Now that we are officially an era where pretty much everyone in the US has had the internet at home for about twenty years, information on how this affects us is beginning to become available. We are seeing an epidemic of loneliness and isolation; depression, anxiety and suicide among teens as a result of social media use; the dismantling of nations as a result of inherently polarizing algorithms; prior tech employees speaking out against the very technologies they helped build because they are terrified of the ramifications we are quickly barreling toward. It’s one thing for a nation to be glued to TikTok during a national election—it’s another for elections to stop happening completely because we neglected to address huge problems like radicalization on Youtube and Reddit, misinformation on social media, and the news-feed-as-an-echo-chamber issue. In short, it doesn’t work for us, as humans in a society together, to have instant access to a worldview that is presented as truth but which is actually a carefully curated (via algorithm) feed for exactly the person looking at it, based on insane amounts of data points which are gathered with your unwitting permission to collect them and then used to target your exact brain and interests and age and background and to then serve you exact the stuff that will keep you glued to the screen for as long as possible. That’s the truth. Your feed is designed to keep you there. That’s the only thing that is always true about your feed. Again: the only thing that is always true about your news feed, is that an algorithm made it specifically for you, specifically to make you keep looking and scrolling.

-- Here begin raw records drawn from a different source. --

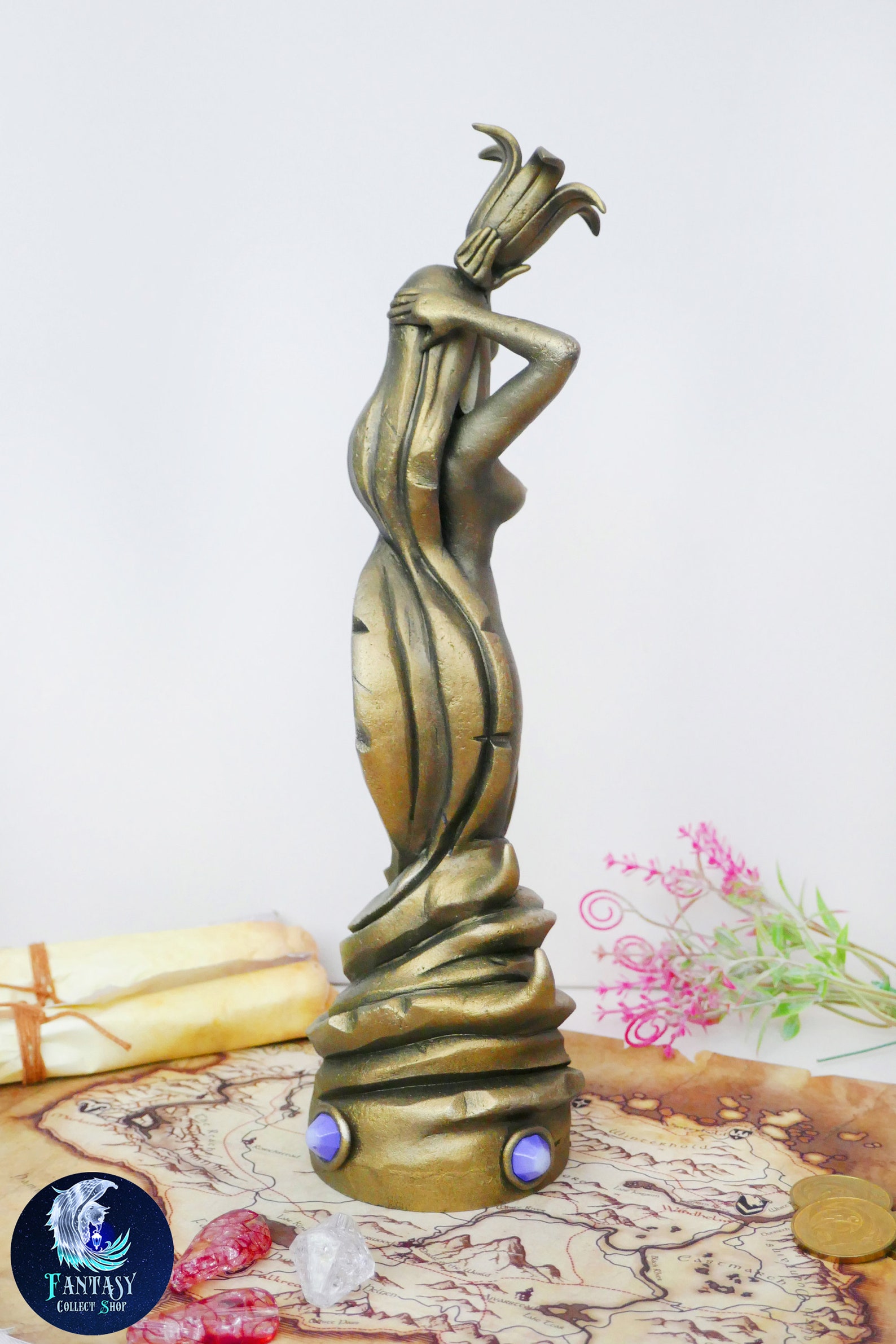 Statue of Dibella figurine from The Elder Scrolls Skyrim Etsy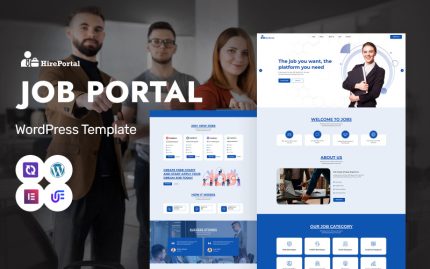 Hire Portal - Profesyonel İş Portalı, İş Panosu ve İstihdam Hizmetleri WordPress Elementor Teması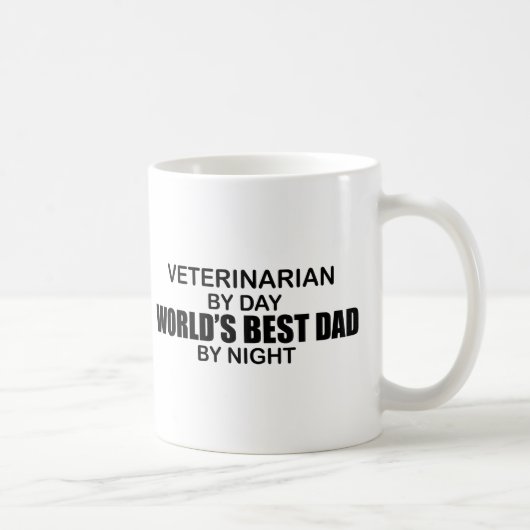 Der beste Vater der Welt - Tierärztin Kaffeetasse (Rechts)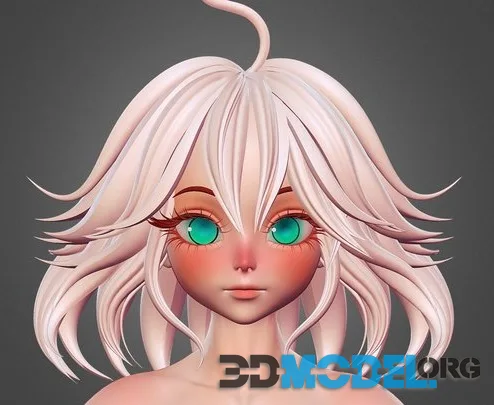 Straight And Short Hair (PBR)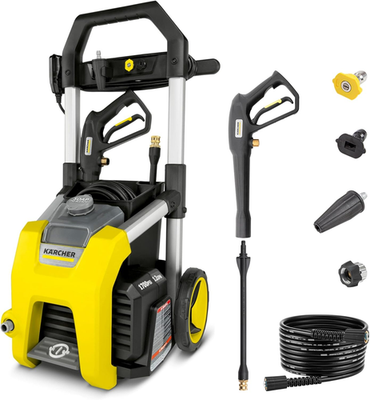 #ad Kärcher K1700 Pressure Washer with 3 Spray Nozzles amp; Detergent Tank 1700 PSI $170.00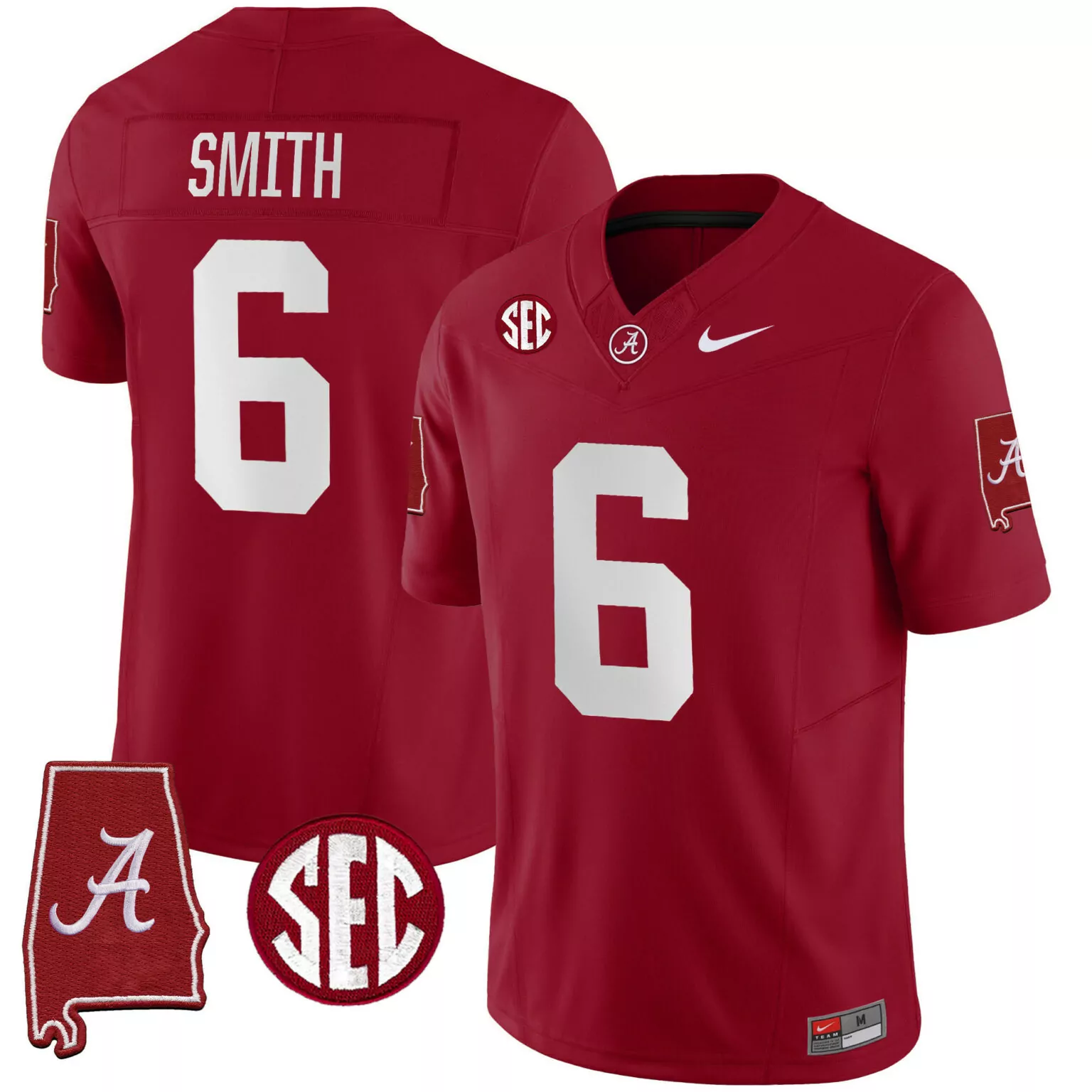 Customizable Crimson devonta smith alabama crimson tide jersey alabama map all stitched 5699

We love to celebrate what the Internet gives us. I love memes too! I love meeting new people, and I love that I can theoretically market myself on social media (this is becoming less possible too, as the algorithms shift to acquire even more of our attention). But there was an Internet before social media which could still give us some of the good stuff, and way less of the bad stuff. I’m not suggesting we return to ’98 and dial up. I’m suggesting that this idea that we live in a magical time because the Internet and social media have changed all of our lives for the better may not be true. In fact, we may have actually had more empathy before social media proliferated our entire society.
I find it hard to want to be part of social media in any capacity lately. The content that goes viral rarely touches me the way (I assume) it touches all of the people who liked and shared it. TikTok reminds me of cringy early adopter Youtubers. Including numbers next to every post seems fundamentally silly and wrong, like a continuation of a popularity contest from middle school. Same with numbers on Spotify. What’s wrong with publishing streaming numbers like we use to do record sales? As in, every so often, rather than in real time in huge characters next to the primary place we all stream music? If using numbers in this fashion doesn’t beg us all to compare and despair then I don’t know what does.
When I log on to my apps and websites, or reference a meme as if it were included in Merriam-Webster: America’s Most Trusted Dictionary, I do so with one foot out the door. Here we are in yet another era: one that seems like it will last forever, because it is simply too awesome not to. We all thought the same thing about AOL, and we were wrong. The only constant is change. I look forward to the change that is imminent in our current Internet era, but I really hope I don’t end up nostalgic for this one too. That would mean we got worse. Let’s try and do better, hey?